İşsiz öğretmenlerin çağrısı...

İşsiz öğretmenlerin çağrısı...
 

Ülkemizin büyük yaralarından birisi eğitim sistemi. Bu sistem içinde işsiz öğretmenlerin sayısı gün geçtikçe artıyor. Ben de işsiz bir tarih öğretmeni adayıyım. Ücretli veya vekil öğretmenlikle geçici süreyle hayatımı sürdürmeye çalışıyorum. Benim gibi yüz bini aşan işsiz öğretmen adayı var.

Bugünlerde lise branşlarındaki alımlar gün geçtikçe azalıyor. Bu konuda işsiz öğretmen arkadaşlarımızın hazırladığı bir bilgilendirmeyi sizlerle paylaşmak isterim :

Ülkemizdeki “işsiz lise branş öğretmeni” sayısı resmî verilere göre yüz bini geçti, ancak hiç kimse bu yaraya dikkat çekmiyor.

Lise branşlarından son dört yılda yapılan atama sayısı sekiz bin civarındadır.

Haftalık ders saati en az ders olan Din Kültürü ve Ahlâk Bilgisinden son dört yılda 6300 atama yapılırken “Edebiyat+Matematik+Fizik+Kimya+Biyoloji+Tarih+Coğrafya+Felsefe Grubu” öğretmenliklerinden son dört yılda yapılan toplam atama sayısı sadece 7700’dür. Yani sekiz lise branşı, bir Din Kültürü ve Ahlâk Bilgisi branşını güç bela geçmektedir.

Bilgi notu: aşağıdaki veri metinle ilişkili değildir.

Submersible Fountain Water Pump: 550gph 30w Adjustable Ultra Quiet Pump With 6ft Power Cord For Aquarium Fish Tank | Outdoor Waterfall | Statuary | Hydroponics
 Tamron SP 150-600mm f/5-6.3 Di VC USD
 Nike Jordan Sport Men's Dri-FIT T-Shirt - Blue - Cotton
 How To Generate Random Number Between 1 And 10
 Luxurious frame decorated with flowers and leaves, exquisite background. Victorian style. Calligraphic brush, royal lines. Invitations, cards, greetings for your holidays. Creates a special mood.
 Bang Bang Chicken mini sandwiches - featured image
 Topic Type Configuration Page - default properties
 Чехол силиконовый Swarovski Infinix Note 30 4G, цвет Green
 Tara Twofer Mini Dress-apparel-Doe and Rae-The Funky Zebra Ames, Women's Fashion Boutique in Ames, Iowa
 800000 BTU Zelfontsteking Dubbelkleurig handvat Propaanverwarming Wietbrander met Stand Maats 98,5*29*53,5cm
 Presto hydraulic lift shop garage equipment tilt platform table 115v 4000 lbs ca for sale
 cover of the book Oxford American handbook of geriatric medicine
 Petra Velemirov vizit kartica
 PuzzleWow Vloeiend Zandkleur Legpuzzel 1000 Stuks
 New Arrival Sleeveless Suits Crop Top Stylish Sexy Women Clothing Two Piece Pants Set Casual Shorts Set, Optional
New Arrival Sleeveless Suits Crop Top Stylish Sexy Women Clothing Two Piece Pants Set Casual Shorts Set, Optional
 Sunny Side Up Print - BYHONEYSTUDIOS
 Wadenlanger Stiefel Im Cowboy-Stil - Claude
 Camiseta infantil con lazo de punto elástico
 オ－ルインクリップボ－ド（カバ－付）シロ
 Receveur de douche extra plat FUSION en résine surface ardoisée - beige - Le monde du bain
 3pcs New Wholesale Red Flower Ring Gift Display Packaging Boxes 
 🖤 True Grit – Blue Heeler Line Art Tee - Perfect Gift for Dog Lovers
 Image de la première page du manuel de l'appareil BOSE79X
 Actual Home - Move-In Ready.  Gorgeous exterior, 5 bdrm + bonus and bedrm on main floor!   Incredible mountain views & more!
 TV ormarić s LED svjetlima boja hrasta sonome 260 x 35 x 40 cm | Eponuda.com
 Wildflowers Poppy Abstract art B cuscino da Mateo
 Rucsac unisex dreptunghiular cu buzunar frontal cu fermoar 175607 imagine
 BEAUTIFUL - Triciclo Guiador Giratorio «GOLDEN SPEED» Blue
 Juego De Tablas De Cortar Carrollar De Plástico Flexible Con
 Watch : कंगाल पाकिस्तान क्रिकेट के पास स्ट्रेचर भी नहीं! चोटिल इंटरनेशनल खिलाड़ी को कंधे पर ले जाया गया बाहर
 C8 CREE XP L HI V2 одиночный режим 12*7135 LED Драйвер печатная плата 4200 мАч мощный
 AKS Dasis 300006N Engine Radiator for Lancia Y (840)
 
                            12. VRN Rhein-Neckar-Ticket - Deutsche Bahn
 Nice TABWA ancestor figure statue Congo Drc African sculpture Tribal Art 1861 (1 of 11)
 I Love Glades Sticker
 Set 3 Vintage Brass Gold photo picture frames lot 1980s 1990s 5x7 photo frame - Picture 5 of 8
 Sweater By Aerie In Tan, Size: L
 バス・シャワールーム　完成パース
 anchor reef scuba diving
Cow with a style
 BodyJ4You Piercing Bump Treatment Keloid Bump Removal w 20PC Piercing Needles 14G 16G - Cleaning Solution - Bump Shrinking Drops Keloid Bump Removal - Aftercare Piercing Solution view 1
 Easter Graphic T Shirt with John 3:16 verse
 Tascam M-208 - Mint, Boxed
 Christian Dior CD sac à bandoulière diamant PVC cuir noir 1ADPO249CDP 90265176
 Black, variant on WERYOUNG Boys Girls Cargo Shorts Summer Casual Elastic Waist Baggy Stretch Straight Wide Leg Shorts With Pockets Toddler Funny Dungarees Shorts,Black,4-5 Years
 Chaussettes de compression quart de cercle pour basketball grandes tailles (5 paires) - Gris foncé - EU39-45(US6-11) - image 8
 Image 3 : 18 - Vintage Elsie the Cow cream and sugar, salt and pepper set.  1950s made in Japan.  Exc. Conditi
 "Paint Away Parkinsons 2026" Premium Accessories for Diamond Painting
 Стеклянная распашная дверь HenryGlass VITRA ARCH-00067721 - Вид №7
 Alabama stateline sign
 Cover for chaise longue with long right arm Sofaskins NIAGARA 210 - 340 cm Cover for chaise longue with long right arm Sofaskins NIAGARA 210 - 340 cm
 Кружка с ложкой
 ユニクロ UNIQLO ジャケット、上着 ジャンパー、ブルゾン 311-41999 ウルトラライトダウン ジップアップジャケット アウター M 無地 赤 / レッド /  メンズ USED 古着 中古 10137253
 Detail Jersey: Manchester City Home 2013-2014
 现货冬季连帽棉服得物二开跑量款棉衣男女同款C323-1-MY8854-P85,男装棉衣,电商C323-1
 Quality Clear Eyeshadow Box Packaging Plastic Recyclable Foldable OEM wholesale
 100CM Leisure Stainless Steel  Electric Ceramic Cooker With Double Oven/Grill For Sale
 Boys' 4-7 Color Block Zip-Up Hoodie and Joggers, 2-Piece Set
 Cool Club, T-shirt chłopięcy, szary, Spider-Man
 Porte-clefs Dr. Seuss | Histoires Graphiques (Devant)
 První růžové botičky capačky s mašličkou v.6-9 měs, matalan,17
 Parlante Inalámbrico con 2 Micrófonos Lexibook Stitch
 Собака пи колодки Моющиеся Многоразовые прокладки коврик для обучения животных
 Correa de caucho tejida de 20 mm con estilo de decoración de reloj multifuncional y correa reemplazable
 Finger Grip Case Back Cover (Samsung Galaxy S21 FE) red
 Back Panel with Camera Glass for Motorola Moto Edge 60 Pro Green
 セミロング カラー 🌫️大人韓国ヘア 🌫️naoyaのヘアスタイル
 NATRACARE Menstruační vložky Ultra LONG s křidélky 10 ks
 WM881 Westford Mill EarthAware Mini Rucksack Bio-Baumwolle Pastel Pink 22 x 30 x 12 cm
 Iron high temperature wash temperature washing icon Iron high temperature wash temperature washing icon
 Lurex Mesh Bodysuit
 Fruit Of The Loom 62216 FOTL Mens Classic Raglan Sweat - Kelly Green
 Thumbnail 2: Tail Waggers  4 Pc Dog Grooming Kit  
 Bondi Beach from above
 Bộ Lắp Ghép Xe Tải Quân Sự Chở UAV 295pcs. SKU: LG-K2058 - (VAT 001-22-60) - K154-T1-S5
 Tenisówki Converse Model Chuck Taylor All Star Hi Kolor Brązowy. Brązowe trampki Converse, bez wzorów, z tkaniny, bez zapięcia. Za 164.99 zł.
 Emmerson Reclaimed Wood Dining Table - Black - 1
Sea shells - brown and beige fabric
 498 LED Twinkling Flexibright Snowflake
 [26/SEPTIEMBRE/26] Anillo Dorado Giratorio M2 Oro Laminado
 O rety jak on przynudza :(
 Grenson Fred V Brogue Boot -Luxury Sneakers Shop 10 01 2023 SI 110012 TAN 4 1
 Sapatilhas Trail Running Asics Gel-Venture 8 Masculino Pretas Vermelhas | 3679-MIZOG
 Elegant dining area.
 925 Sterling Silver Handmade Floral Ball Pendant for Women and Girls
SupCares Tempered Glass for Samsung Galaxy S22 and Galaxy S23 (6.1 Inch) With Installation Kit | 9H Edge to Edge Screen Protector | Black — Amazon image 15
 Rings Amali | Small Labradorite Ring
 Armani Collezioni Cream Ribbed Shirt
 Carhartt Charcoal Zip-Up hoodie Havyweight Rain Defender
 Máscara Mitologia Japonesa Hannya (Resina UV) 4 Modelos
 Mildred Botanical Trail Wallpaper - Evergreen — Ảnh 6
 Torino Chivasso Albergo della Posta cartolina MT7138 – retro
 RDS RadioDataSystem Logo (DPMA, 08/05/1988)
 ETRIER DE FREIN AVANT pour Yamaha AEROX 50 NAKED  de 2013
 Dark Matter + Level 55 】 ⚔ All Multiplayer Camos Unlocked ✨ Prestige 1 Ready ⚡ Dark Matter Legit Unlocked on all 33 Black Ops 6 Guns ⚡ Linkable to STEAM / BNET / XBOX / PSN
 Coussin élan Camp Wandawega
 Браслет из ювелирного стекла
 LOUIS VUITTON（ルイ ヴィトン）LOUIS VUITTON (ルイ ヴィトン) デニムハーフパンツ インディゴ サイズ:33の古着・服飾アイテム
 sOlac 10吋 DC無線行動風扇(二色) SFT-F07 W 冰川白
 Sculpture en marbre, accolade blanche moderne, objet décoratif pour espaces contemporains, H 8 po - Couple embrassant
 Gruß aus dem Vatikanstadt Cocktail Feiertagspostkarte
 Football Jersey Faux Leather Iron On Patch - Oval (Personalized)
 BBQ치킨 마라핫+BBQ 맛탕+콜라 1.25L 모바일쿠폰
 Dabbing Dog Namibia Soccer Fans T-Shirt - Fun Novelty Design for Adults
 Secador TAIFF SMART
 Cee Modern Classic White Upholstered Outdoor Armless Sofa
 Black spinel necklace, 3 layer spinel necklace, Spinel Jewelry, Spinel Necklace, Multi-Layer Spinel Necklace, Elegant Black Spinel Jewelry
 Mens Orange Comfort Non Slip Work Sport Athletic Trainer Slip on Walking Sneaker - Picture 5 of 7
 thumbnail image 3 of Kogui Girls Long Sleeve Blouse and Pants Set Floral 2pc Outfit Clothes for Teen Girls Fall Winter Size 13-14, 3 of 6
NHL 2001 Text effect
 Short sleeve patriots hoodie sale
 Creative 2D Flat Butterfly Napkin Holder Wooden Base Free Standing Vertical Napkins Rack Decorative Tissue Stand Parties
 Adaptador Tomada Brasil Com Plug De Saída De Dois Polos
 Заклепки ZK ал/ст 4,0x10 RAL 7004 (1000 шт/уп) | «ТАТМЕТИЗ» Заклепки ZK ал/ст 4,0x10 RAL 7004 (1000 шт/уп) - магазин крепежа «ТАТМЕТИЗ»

Millî Eğitim Bakanlığı, sanki Türk eğitim sistemi sadece ilköğretimden oluşuyormuş gibi davranmakta, her atama döneminde ilköğretim branşlarına 1000’in üzerinde kadro sayısı ayırırken lise branşlarına ayrılan kadro sayısı 15, 30, 20 gibi komik sayılardan oluşmaktadır. Ağustos-2007’de yapılan atamada Türkçe’ye 2410, İngilizce’ye 1990, Din Kültürü ve Ahlâk Bilgisi’ne 1300 öğretmen atanırken Türk Dili ve Edebiyatı’na 400 (son yılların en yüksek sayısı), Matematik’e 30, Fizik’e 15, Kimya’ya 30, Biyoloji’ye de 40 öğretmen atanmıştır. İlköğretim branşlarıyla lise branşları arasındaki farkı, sayılar açıkça göstermektedir. Aslında lise branşlarına pek çok atama dönemlerinde atama yapılmamakta, iki yılda bir de olsa böyle komik sayılarla atama yapılmaktadır. Yeni liseler açtıklarını her fırsatta söyleyen Milli Eğitim Bakanı’na soruyoruz: “Peki bu yeni liselerde hiç öğretmen açığı oluşmuyor mu?” Sayın Bakan; kullanılmayan teknoloji sınıflarıyla ve fakirlerden alınan vergilerle zengin çocuklarına da dağıtılan bedava ders kitaplarıyla övünmekten vakit bulamayacağı için cevabı biz verelim:

“Ücretli öğretmenlik” uygulaması ile bu ihtiyaç kapatılmaya çalışılmaktadır. Eğitim camiasında “ücretli kölelik” olarak da anılan bu sisteme göre, il/ilçe Millî Eğitim Müdürlükleri ihtiyaç bulunan branşlarda “ücretli öğretmen” görevlendirmektedir “Ücretli öğretmen” kimdir: Tıpkı kadrolu öğretmenler gibi eğitim fakültesinden mezun olan, ancak kadro yetersizliğinden dolayı atanamayan öğretmenlerdir. Ders saati 5 YTL’den derse girmekte, aylık yaklaşık 300 YTL para kazanmaktadır. “Yevmiyeci” olarak da nitelendirilebilir. Eğer eğitim fakültesi mezunları “ücretli köleliğe” başvurmazsa diğer fakülte mezunları veya önlisans mezunları bu sisteme dâhil edilmektedir. Her il ve ilçede azımsanmayacak kadar “ücretli öğretmen”e rastlamak mümkündür. Millî Eğitim Bakanlığı’ndaki zihniyet, öyle ya da böyle ders saatinin boş geçmemesidir. Kadrolu öğretmen atayarak 930 YTL maaş vermektense aynı öğretmeni “ücretli” olarak görevlendirip yaklaşık 300 YTL ile bu sorunu halletmektedirler. “Hortumu kesmek” dedikleri bu olsa gerek.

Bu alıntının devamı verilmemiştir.